So when Warwickshire decided to shut the school in Priors Marston because of falling pupil numbers, it came as a personal blow.

Peter, the local milkman, solid-fuel delivery man and grass cutter, saw it as a further threat to village life. “Everything’s getting bigger and amalgamating,” he said. “We’ve got to stop it somewhere along the line. We want to keep a bit of individuality.”

Priors Marston, which reopened last week as an independent venture backed by charitable donations, is the latest in a string of small schools to go it alone.

Pupil numbers had dwindled to 45 and there was a clear case for merging it with Napton school in the next village. But, when a vigorous battle to save the Church of England school failed last year, parents raised money to keep it going independently. They collected more than Pounds 40,000 to pay for two teachers. Maintenance and equipment are being provided by local people and businesses.

David Adams, a former Chrysler executive whose two children went to the school, accepts that finances are precarious. “I’m sending out a double message. I’m saying we’re confident of our long-term future, but at the same time we desperately need funds to keep going.”

So far, most of the donations have been modest; not so some of the fund-raising ventures. Next month, the school’s trustees are holding a Pounds 35-a-ticket ball with food provided by the firm which catered for Andrew Lloyd-Webber’s wedding.

Items for auction will include a pill-box sent by Princess Diana inscribed “With love, Diana” and two centre-court seats at Wimbledon. TV cook Sophie Grigson, who lives nearby, is writing the foreword to a new cookery book.

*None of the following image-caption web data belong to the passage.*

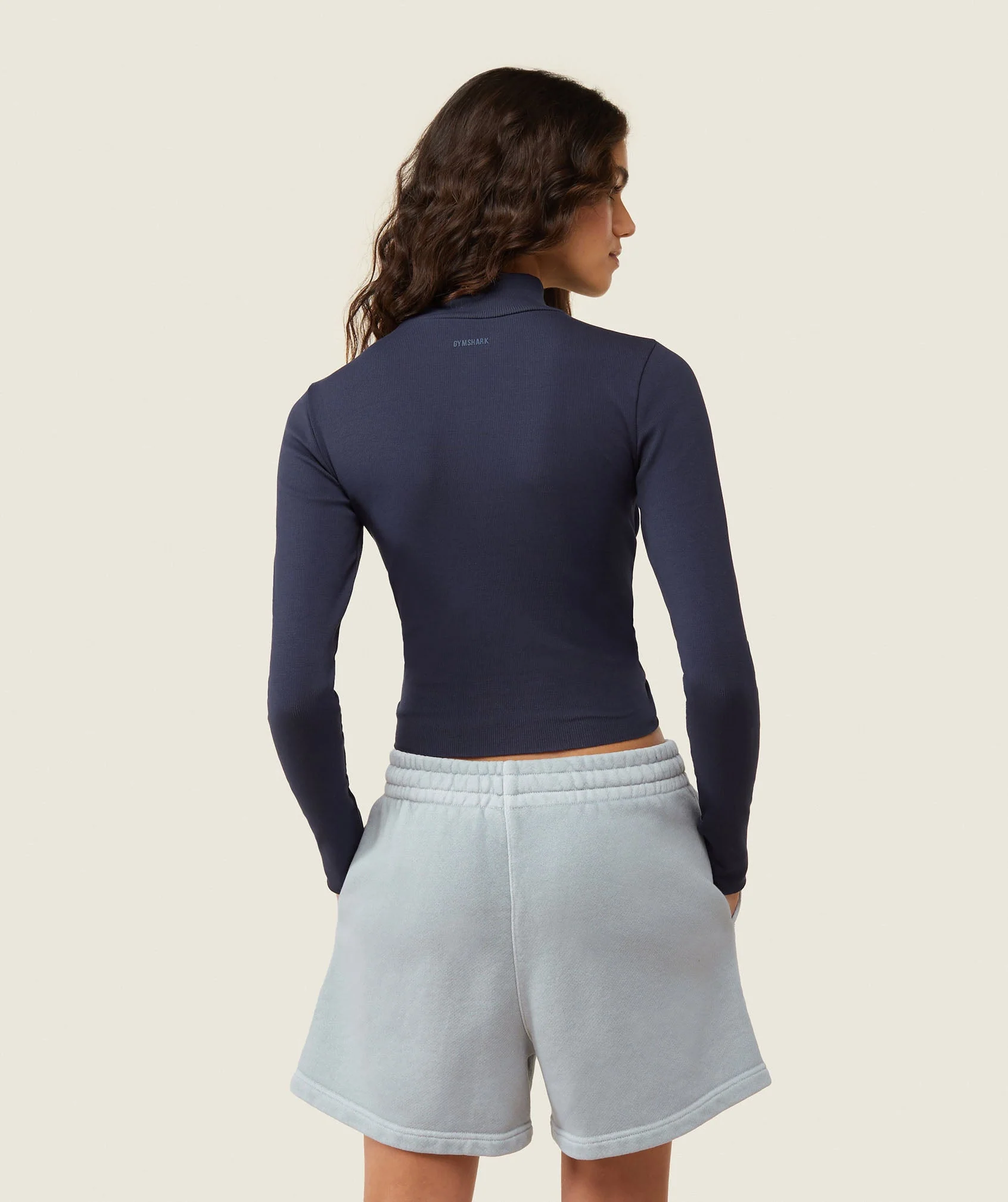 Gymshark everywear Long Sleeve Ribbed Turtle Neck - Heavy Blue - Image 3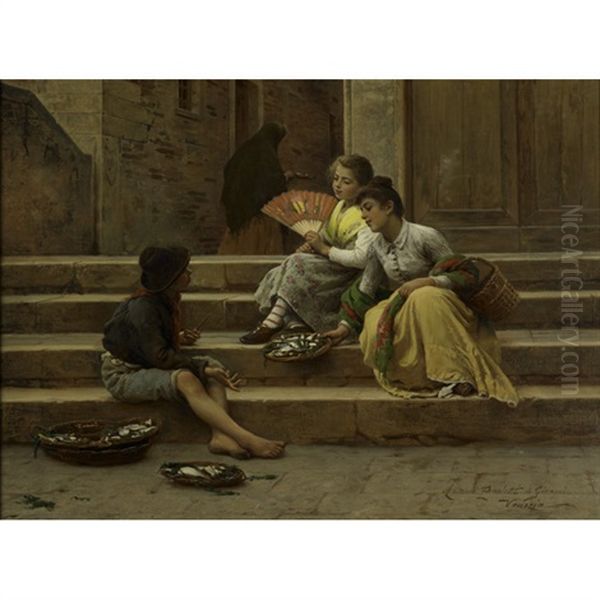 The Fish Sellers, Venezia Oil Painting by Antonio Paoletti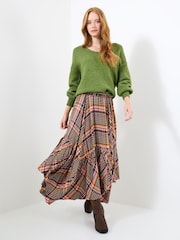 Joe Browns Brown Check Dippy Hem Skirt - Image 5 of 7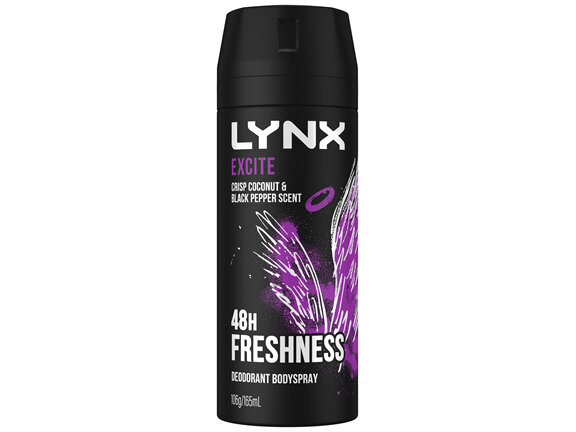 LYNX  Deodorant Body Spray 100% fresh fragrance & 48hr odour protection Excite 165 ml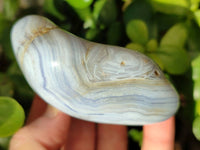 Polished Blue Lace Agate Tumbled Stones x 6 From Malawi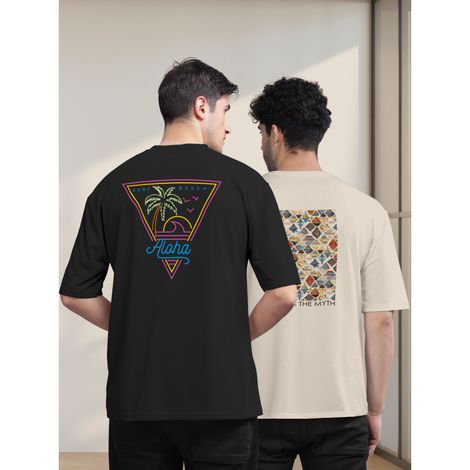 Bullmer Men's Oversized T-shirt Front and Back Printed | Black, Chalk | XL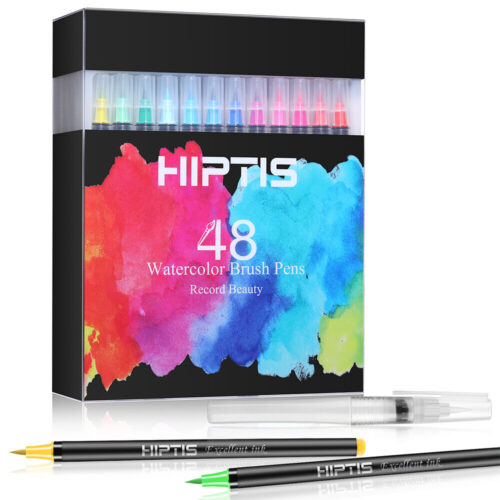 s-l1600 (21) 48 Colors Tips Soft Brush Drawing Pens Watercolor Art Markers Set for Coloring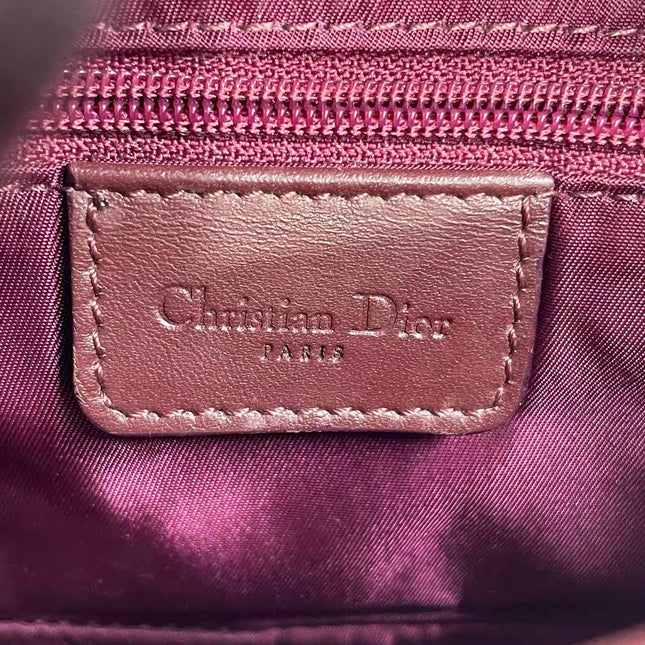 Dior Vintage Double Saddle Burgundy Oblique Monogram Canvas Gold Hardware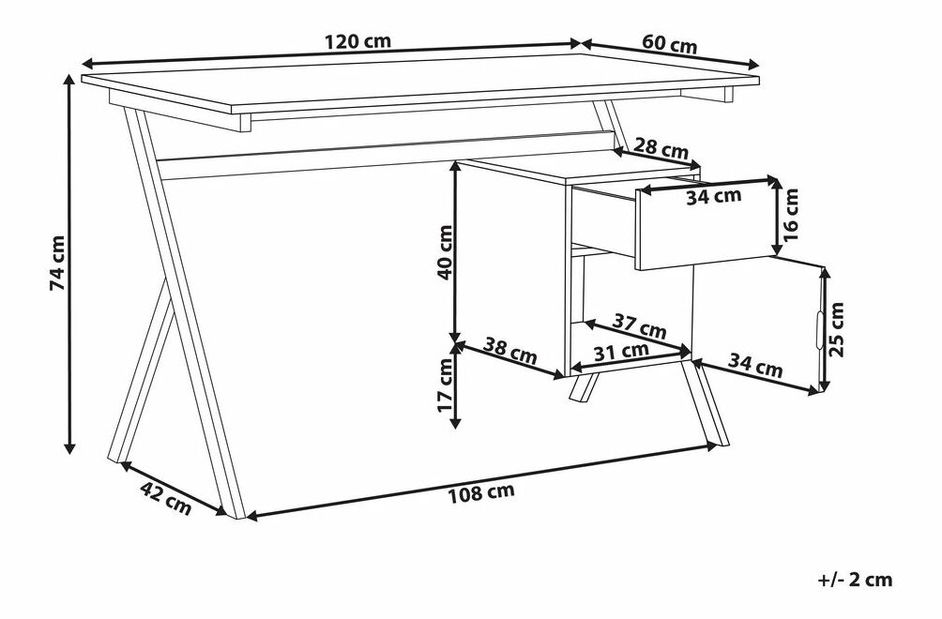 Masă PC Ash (lemn deschis)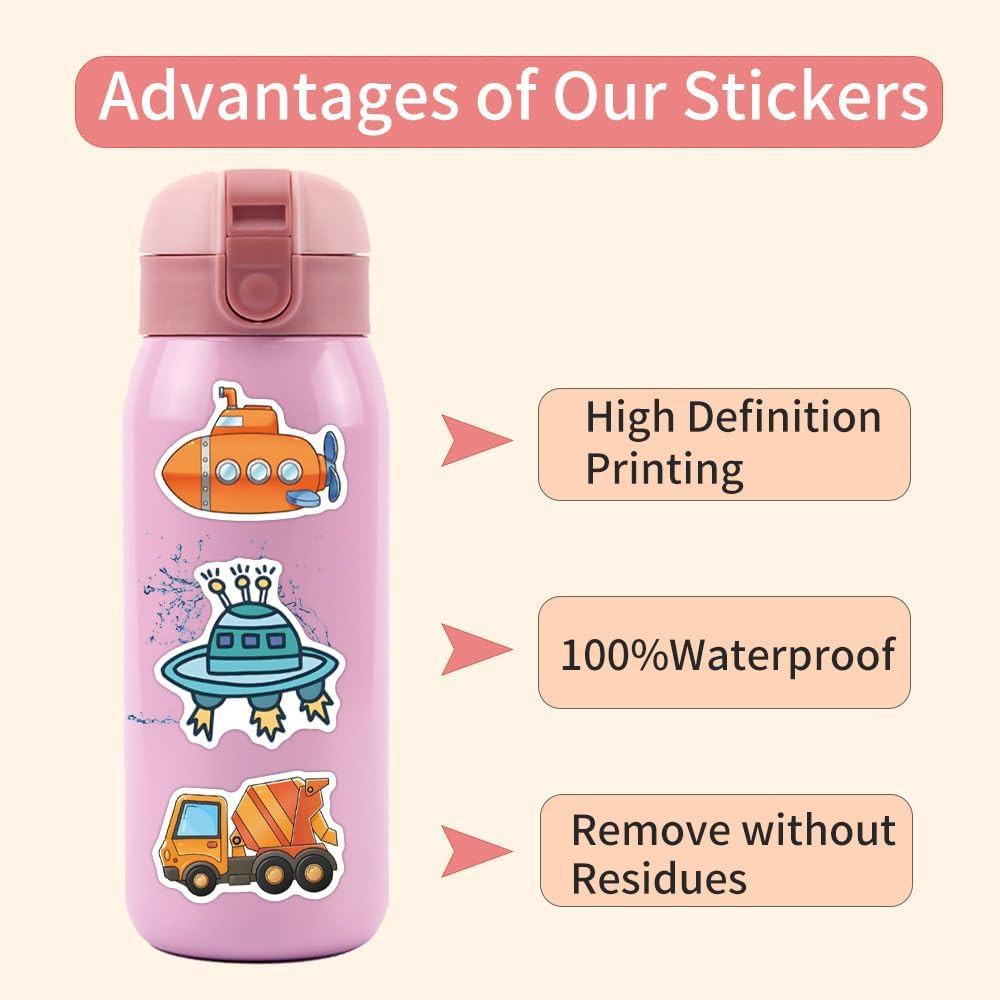 55PCS Cartoon Vehicle Stickers – Cars, Buses, Planes, Ships for Kids & Teens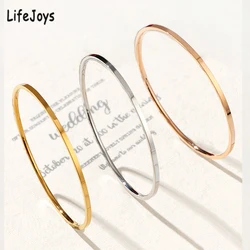 2mm Stainless Steel Thin Bangle Bracelet Women Simple Stackable Circle Jewelry Rose Gold Silver Color 55/ 60/ 65mm Flat Surface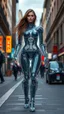 Placeholder: a photoshoot view fullbody all to feet beautifull Russian Supermodel long hair having humanoid body cyborg transparent visible glass shiny explore inside details machines mechanical parts,cool pose and walking city street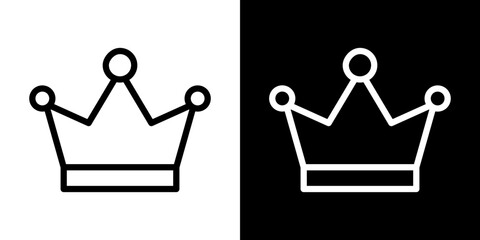 Crown icon stroke vector icon simple black style, illustration.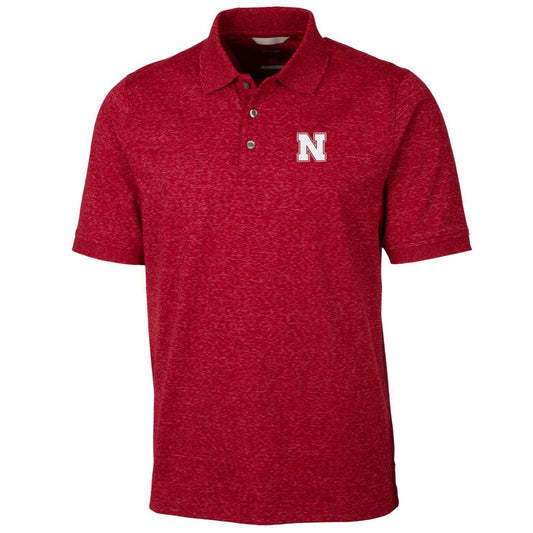 Men's Cutter & Buck Scarlet Nebraska Huskers Big & Tall Advantage Space Dye Polo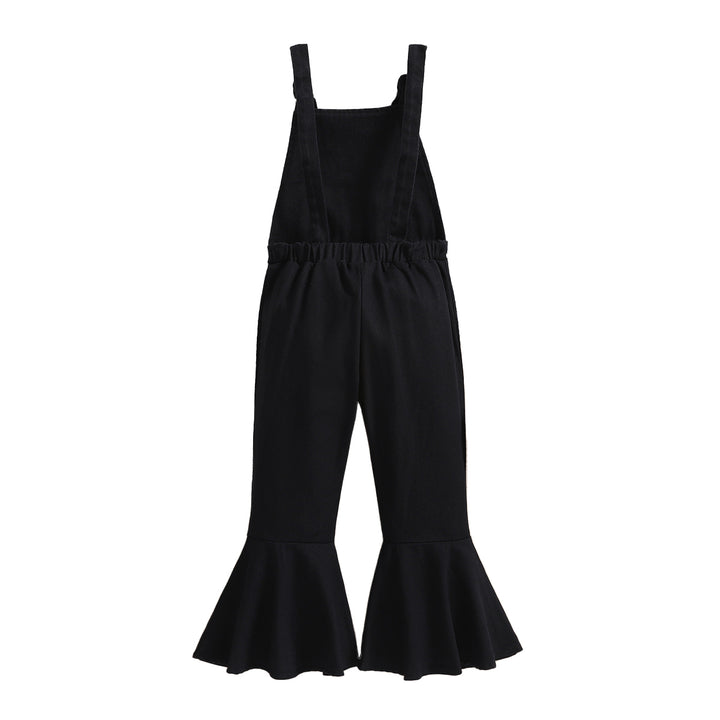 Girls Black Shoulder Straps Sleeveless Ruffled Capri Jumpsuit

However, the village is divided and many local children have been sent to Napton. Mr Adams blames council officials who warned parents that they may lose their right to a place at the county school unless they signed up quickly.

As a consequence, the newly independent school has only 13 pupils, but Mr Adams is confident it will grow. The trust deeds specify that the school should provide education free to the children of the village. But the trustees have interpreted that to mean they can charge children from elsewhere and have set the fees at between Pounds 750 and Pounds 950.

For Brenda Edwards, the school’s headteacher, the peaceful atmosphere, community spirit and small classes made a salary cut worthwhile. “The setting and the pupils are lovely and the support we’ve had is overwhelming. It would be very sad if village schools like this were to disappear.”

The question remains whether a school can exist largely on goodwill. The longer-term answer, say those at Priors Marston, is along the lines of the Danish system advocated by the Human Scale Education group, where parents who set up a school receive 85 per cent of funding from the state.

Meanwhile, Priors Marston represents a victory for the efforts both of articulate professionals such as Mr Adams and traditional residents such as Peter Brown.

Warwickshire claims the school is not supported by most parents. But Mr Adams has set his sights high. “We’ve thought it all through and we’re rebuilding bridges with the county. We want to become the best school in Warwickshire. ”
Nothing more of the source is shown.